Вот какими словами заговорил этот недавний обличитель владычества денег, и, не зная тогдашних социальных условий, никак но возможно понять, чем вызваны его новые речи.

Четверть века спустя, когда в печати появилось третье издание романа, известный нечаевец Петр Ткачев посвятил некрасовскому роману статью, где доказывал, что идейка в романе «узенькая и пошленькая», ибо одно дело — считать буржуазный строй более высокой стадией общественной жизни (по сравнению с крепостническим строем), и совсем другое — вербовать капиталистов-промышленников среди передовой молодежи. (Постный (П. Н. Ткачев), Неподкрашенная старина, «Дело», 1872, № 11).

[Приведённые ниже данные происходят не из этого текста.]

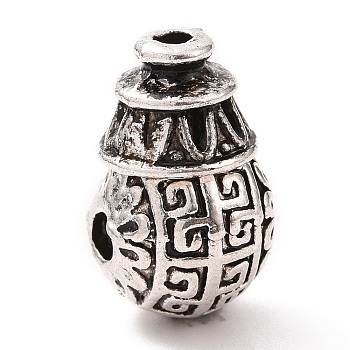 Tibetan Style Alloy 3 Hole Guru Beads, T-Drilled Beads, Teardrop, Antique Silver, 8x6mm, Hole: 5.5mm and 1.6mm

Правда, Некрасов настаивает (и этого тоже нельзя забывать), что его герой добывает свои капиталы отнюдь не кровопийством, нс эксплуатацией чужого труда, а тяжкой работой, возвышенным подвигом:
«- Бывают же примеры и у нас, — говорит этот восторженный юноша, — что человек, не имевший гроша, через десять — двадцать лет ворочает сотнями тысяч; а отчего? он отказывает себе во всем, отказывается от всего... обрекает себя на бессрочную разлуку с родным углом, с детьми, со всем дорогим его сердцу... С опасностью жизни переплывает он огромные пространства на плоту, на дрянной барке. мерзнет, мокнет, питается бог знает чем, и надежда выгодно сбыть дрова, получить гривну на рубль за доставку чужого хлеба подкрепляет и одушевляет его в долгом, скучном и опасном плавании... Борьба, лишения, вечный страх и вечная неумирающая надежда... Вот как куются денежки, Полинька!» (VII, 31—32)
Все это так. Но денежки «куются» в романе и другими, менее благородными способами. Герои романа воруют, надувают, барышничают или просто находят бумажники, набитые крупными деньгами. Один выкопал из земли сундук с серебром и стал любовно целовать каждую монету. Другой декламирует на целой странице:

«- Деньги, деньги, одни деньги... Вот-с, как деньги-то важны...» (VII, 294)

V

Чем же объяснить это внезапное примирение с деньгами, сказавшееся в 1848 и 1849 годы? Почему Некрасов, бывший таким ярым хулителем владычества денег, так резко изменил свое отношение к ним? Что побудило его выступить тотчас же после смерти Белинского с такой непопулярной и, казалось бы, рискованной проповедью?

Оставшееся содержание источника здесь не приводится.